Posted: Thu Oct 06, 2011 10:06 am
by tomos
In researching ext2 and a VFS layer I was a bit confused over how an OS should buffer on-disk data structures, such as inode tables in an ext2 block group. On-disk data structures being those physically present on the storage medium as part of the file system implementation. And by buffering I mean keeping a copy of the structure in memory for sometime after it is initially accessed. I read that Linux keeps some of them in memory, but I didn't see specifically which ones and how they were handled.

So say you need to read inode X, which of the on-disk data structures for the file system would you want copied to memory after the inode has been read? If you do copy it, how long does it stay there? If you do buffer them, how so?
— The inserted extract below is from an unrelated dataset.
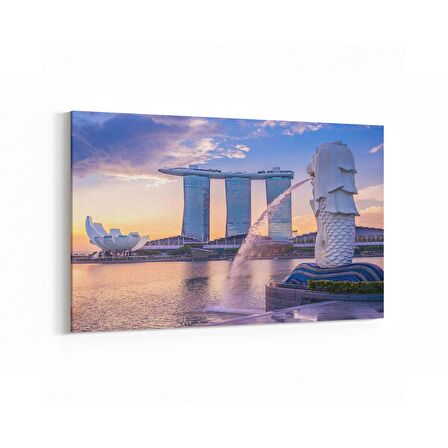 Olla 18768Y Yapı Görseli Yatay Kanvas Tablo (Ölçü: 90X60)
Take listing a directory for example. First you need to open() the directory. When you open a directory the low-level ext2 code should find the inode, and perhaps read all its data blocks into a temporary buffer which stays allocated for the lifetime of the directory handle (it being opened.) Then subsequent calls to read a directory entry simply reference the already allocated buffer for the directory entries. Closing a directory would involve free the buffer which stored the directories data blocks. Does this approach make sense?

What do you guys think?

Re: How should file system drivers buffer disk data structur

Posted: Thu Oct 06, 2011 3:31 pm
by gerryg400
I asked these questions too. Rather than worry too much I just jumped in and started implementing an VFS, fs driver and HDD driver with no caches. Then I began doing profiling to see what would be required. If your abstractions are good (make sure that they are !!) then it shouldn't be too hard to add caching later on.
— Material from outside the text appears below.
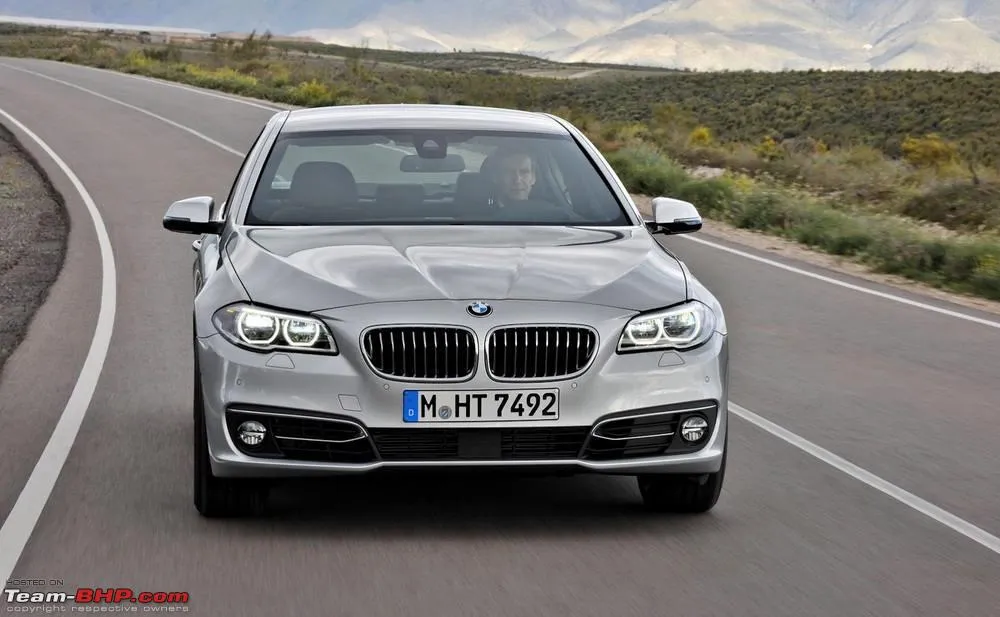 BMW 5 series 518d 2014 photo - 2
There were 2 aspects that were a surprise to me.

1. It worked better for me if the block cache size matched the FS block rather than the HDD block. In other words the cache beneath my ext2 driver matches my ext2 block size (usually 4096 bytes) rather than the hardware block size (512 bytes).

2. A name cache is very important. And the name cache should also contain names that DON'T exist. For example let's say you're running 'make' and the GCC tools. GCC , when searching for an include file on the include paths might call 'stat' many times before it finds the directory that contains "stdio.h". The VFS should remember which files DON'T exist so it doesn't need to search every directory on the include path for every include file in every C file. So the name cache might have info that says that /usr/include/stdio.h has inode 99999 but that /usr/include/X11.h doesn't exist. This makes a huge difference.
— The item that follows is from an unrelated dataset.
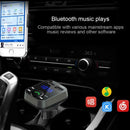 BC03 Bluetooth Car MP3 Player Handsfree TF Card Music Play USB Car Charger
Re: How should file system drivers buffer disk data structur

Posted: Thu Oct 06, 2011 7:31 pm
by OSwhatever
gerryg400 wrote:2. A name cache is very important. And the name cache should also contain names that DON'T exist. For example let's say you're running 'make' and the GCC tools. GCC , when searching for an include file on the include paths might call 'stat' many times before it finds the directory that contains "stdio.h". The VFS should remember which files DON'T exist so it doesn't need to search every directory on the include path for every include file in every C file. So the name cache might have info that says that /usr/include/stdio.h has inode 99999 but that /usr/include/X11.h doesn't exist. This makes a huge difference.
Speaking of the name cache the holds the name that don't exist, does this feature exist in most modern operating systems or just a way you solved it? If you as you mentioned make has a lot of directories with a lot of files, the don't exist cache will quickly fill. At some point perhaps seeking a hashed name cache with the existing files be faster?

Re: How should file system drivers buffer disk data structur

Posted: Thu Oct 06, 2011 7:57 pm
by gerryg400
The concept exists in Linux although I don't know how it is implemented. Ihave no idea about windows. I read in an article that Linux does store non-existant entries and that's where I got the idea.

Directory searches are very expensive on most file systems so ideally the name cache needs to be large enough to hold every path/file that might be searched. On a typical desktop this could easily mean thousands of entries.

The article that I read (can't find it now) mentioned that the Linux dcache is hashed by filename and inode of containing directory. This seems like a good idea because (hard and soft) linking and moving can mean that top-livel pathnames can change and it would be very difficult to keep the cache valid if the entire name were hashed.